The top cop at Wall Street’s main regulator will step down this month, joining an exodus of Securities and Exchange Commission officials who are leaving as President-elect Joe Biden prepares to install new leadership at the agency.
SEC enforcement director Stephanie Avakian is departing after serving in the role for roughly four years with co-head Steven Peikin, who left the regulator in August.
Marc P. Berger, the enforcement unit’s deputy director and previous head of the SEC’s New York regional office, will serve as acting chief, the agency said in a Thursday statement.

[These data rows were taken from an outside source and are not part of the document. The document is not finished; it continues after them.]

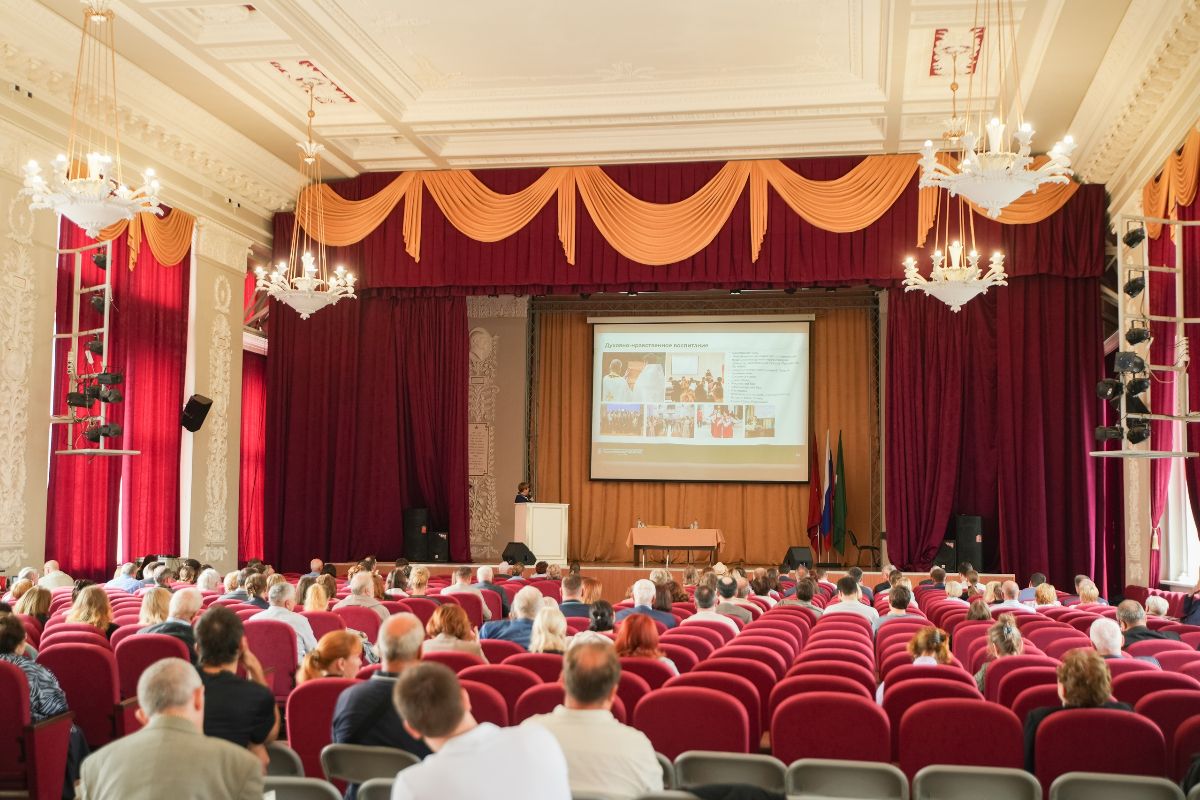 В СПбГЛТУ состоялось общее собрание профессорско-преподавательского состава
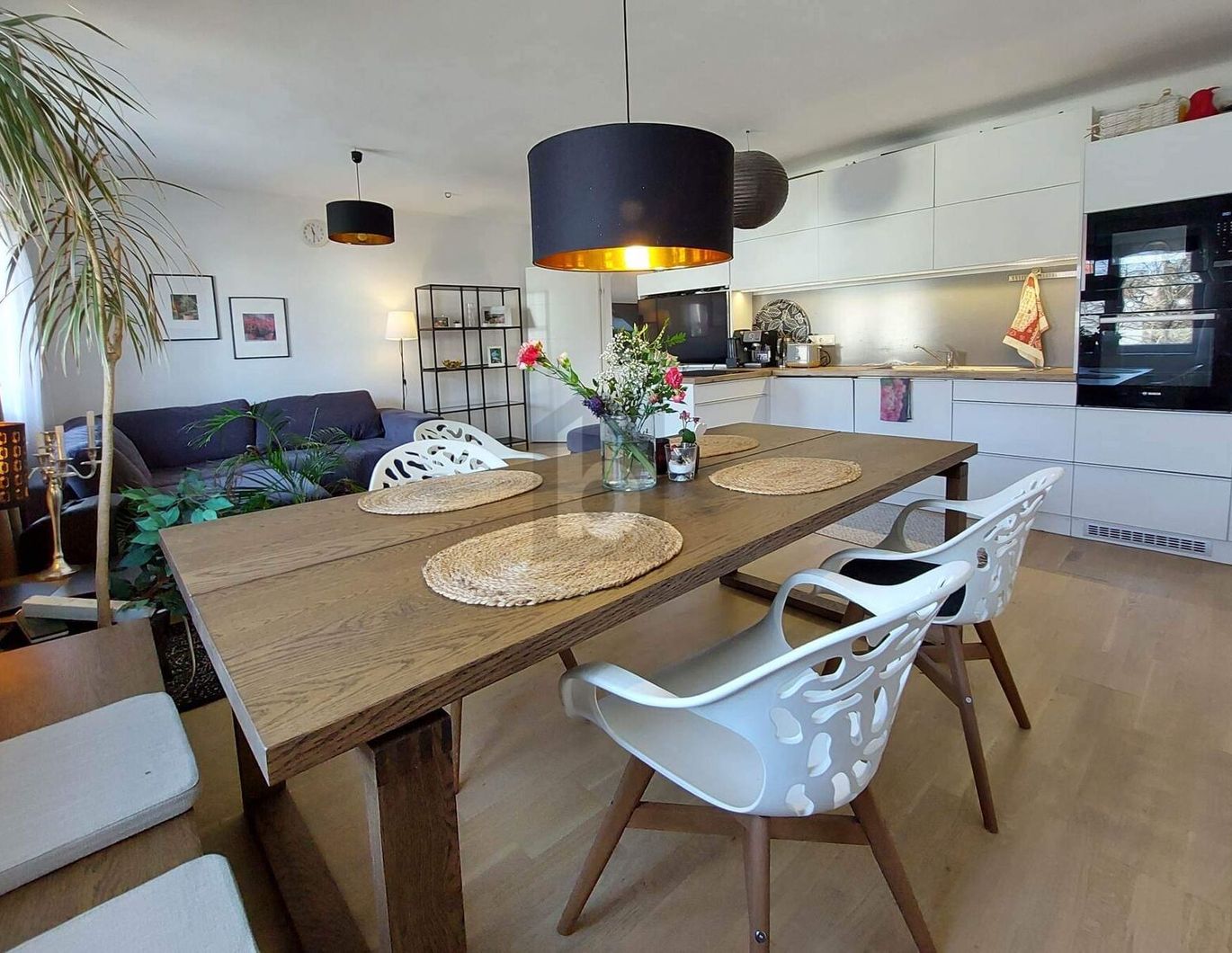 PREISHIT! SANIERT MIT 3 WOHNEINHEITEN UND SÜD/WEST GARTEN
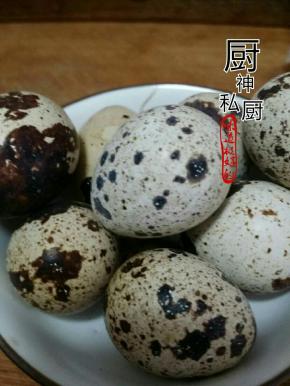 准备8个鹌鹑蛋。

Avakian’s work “has resulted in a program that is tough on violators, enhances the integrity of our markets and puts the interests of our Main Street investors first,” SEC Chairman Jay Clayton said in the statement. Clayton is also leaving the agency by the end of the year.

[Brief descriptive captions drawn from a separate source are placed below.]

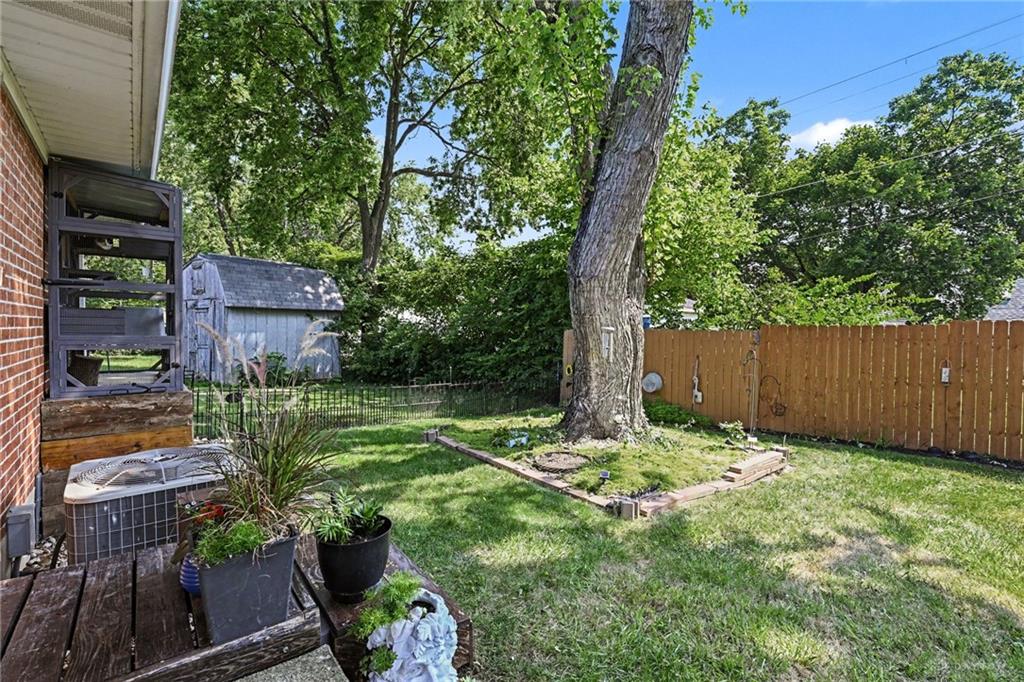 5 Circle Property Photo 21
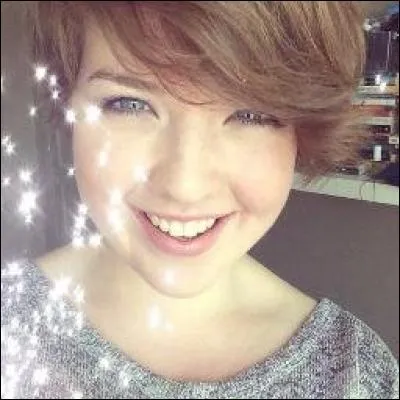 Comment s'appelle l'actrice qui joue Clare ?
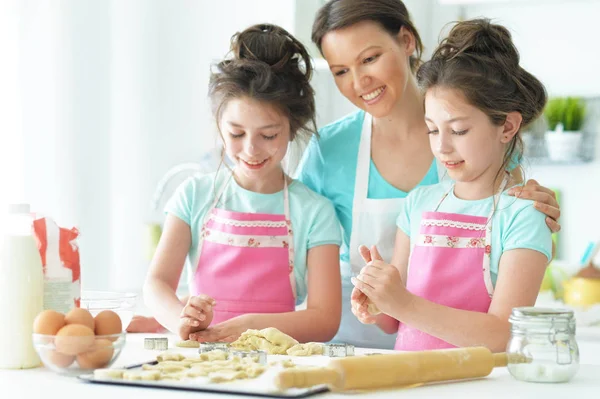 Mutter und Töchter kochen — Stockfoto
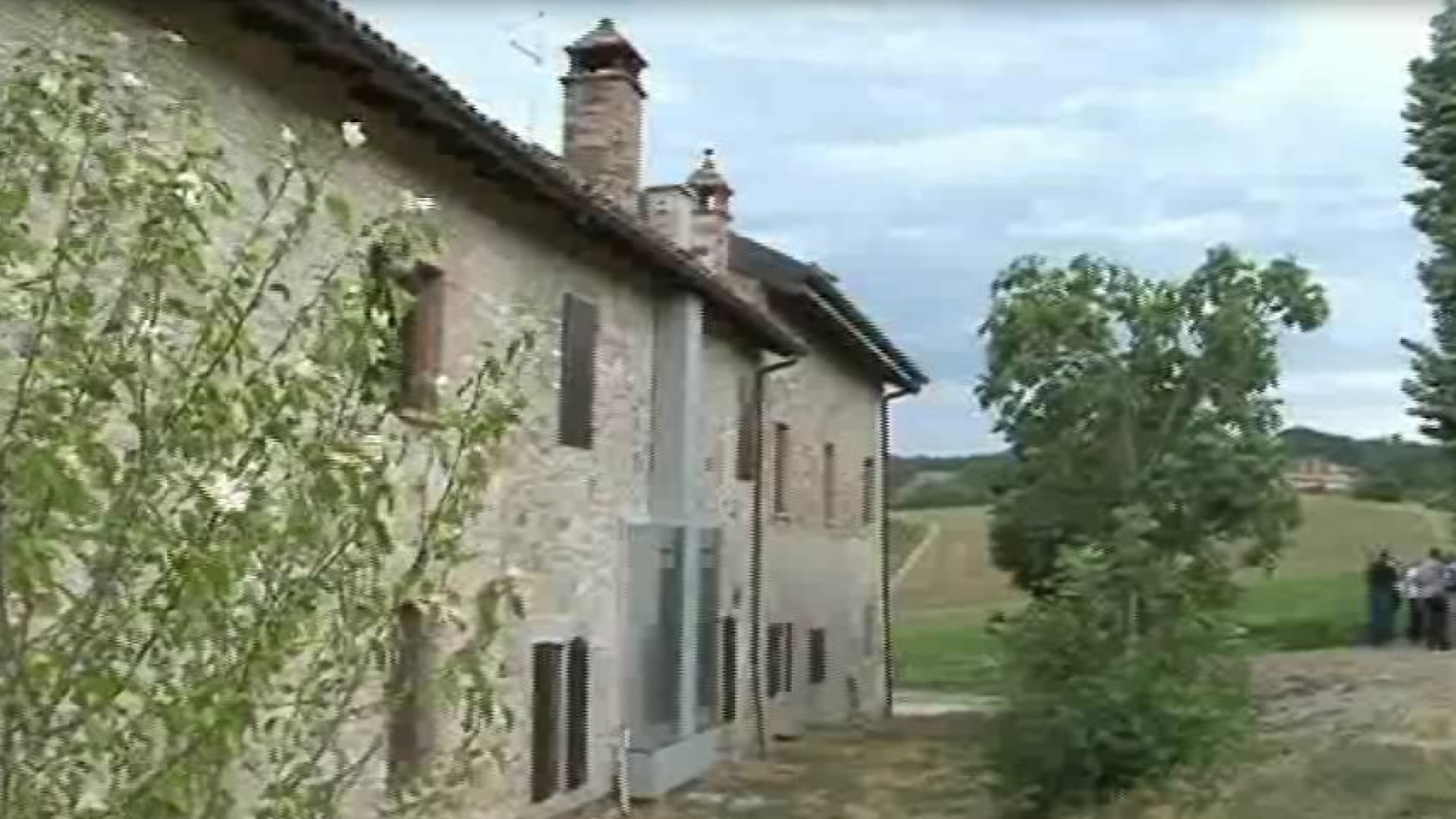 Pontedellolio: uomo morto accanto al trattore. Malore prima della caduta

During Avakian’s tenure, the SEC focused on frauds that exploited retail investors. Under her leadership, the agency obtained more than $17 billion in financial remedies, returned approximately $3.6 billion to harmed investors and paid awards of approximately $595 million to whistle-blowers.
One of the SEC’s most memorable cases during her time as enforcement chief was against Elon Musk, the chief executive of Tesla Inc., for tweeting in August 2018 that he had secured funding to take the electric car marker private. The next month, the regulator sued him for securities fraud -- a record pace for an agency that on average takes two years to bring a case.
Avakian, who served as deputy enforcement director during the Obama administration, led the unit with Peikin from June 2017 until August 2020.